April 19, 2012 / 6:15 PM / 7 years ago

Heirs to French art sue Serbia over wartime seizure

PARIS (Reuters) - Three French heirs to a collection of over 400 works of art, including by 19th century painters Renoir, Matisse and Degas, have sued Serbia, saying its National Museum in Belgrade has held the works illegally since 1949.

The 429 pieces were part of a collection belonging to a prominent French art dealer and collector, Ambroise Vollard, who died in July 1939 in an accident.

As World War Two broke out in Europe, part of his collection was transferred to Yugoslavian Erih Slomovic for safekeeping, but Slomovic, who was Jewish, was subsequently arrested and killed in a concentration camp in 1943.

The Yugoslav government later requisitioned the works and placed them in the national museum.

Lawyers for the plaintiffs say the museum, which has let some of the works be exhibited internationally, is well aware of their disputed history.

“The history of the ‘Vollard/Slomovic collection’ and the legal decisions rendered in France have created an international stir for decades and no curator or museum director holding these works could be unaware of it,” wrote lawyer Francois Honnorat in the complaint filed on Wednesday, a copy of which was obtained by Reuters.

Another group of 190 paintings once owned by Vollard but left in Paris by Slomovic was similarly disputed in the courts, with the Vollard heirs ultimately winning an appeal in 1996.

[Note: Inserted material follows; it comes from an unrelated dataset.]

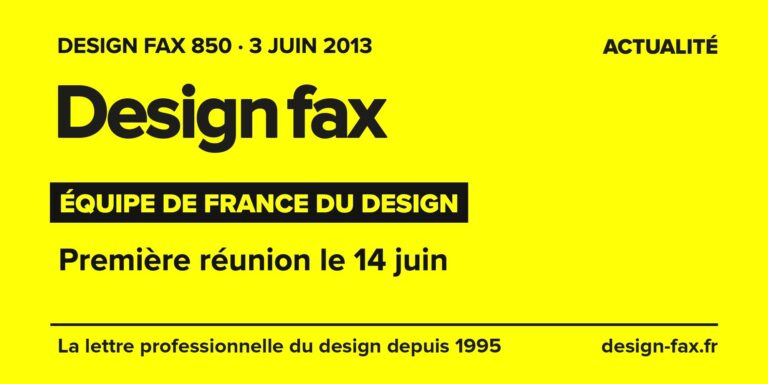 Design fax n° 850 – Équipe de France du design – Première réunion le 14 juin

The collection includes a trove of Impressionist and other 19th century art, including a still life by Paul Gauguin, lithographs from Paul Cezanne and Mary Cassatt, more than 50 pastels and drawings by Edgar Degas, and a group of works from Pierre-Auguste Renoir depicting women, dancers and guitar players.

Other great 19th and early 20th century painters whose works are found in the collection include Pierre Bonnard, Camille Pissaro and Maurice Utrillo.

The plaintiffs’ lawyers say they had alerted the Serbian embassy in Paris to the litigation, but that it had not responded.